“We have clarified to the Israeli government that this is not a government project. There’s very close communication at the highest level,” an anonymous senior official at the Emirati embassy in Israel told the Times of Israel on Thursday. “Israel is aware that this is not a UAE government project, but rather a private commercial deal.”
“The UAE is looking to invest heavily in renewable energy and to move quickly and intelligently to a world after oil,” the official added. “And in energy, renewables and developing next-generation clean fuels, are items of interest in the state’s relationship with Israel.”
By contrast, one of the companies involved in the deal, the Israeli state-owned Europe Asia Pipeline Company (EAPC), told the Israeli Supreme Court in July that “significant damage to the foreign relations of the State of Israel.”

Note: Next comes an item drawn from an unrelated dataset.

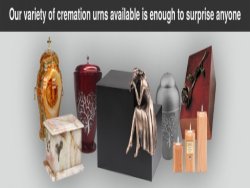 Unique Artistic urns for Ashes, Modern Memorial urns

The proposed deal would see crude oil shipped from the Persian Gulf to the Israeli port city of Eilat, on the Red Sea, and pumped via an existing pipeline to the Mediterranean port of Ashkelon, by way of Beersheba. From there, it would continue on to European buyers. However, the gas wouldn't be from the UAE, which sells its gas to East Asian buyers.
The gas deal was challenged at the high court by the Israel Nature and Parks Authority, which has been highly critical of the pipeline and warns that a leak could be catastrophic for the environment and economy. The pipeline was responsible for a massive spill in 2014, the largest environmental disaster in Israeli history. Some 5 million liters of crude oil were spilled into the Arava desert and Evrona Nature Reserve, causing $87.6 million in damage and medical problems for more than 80 people.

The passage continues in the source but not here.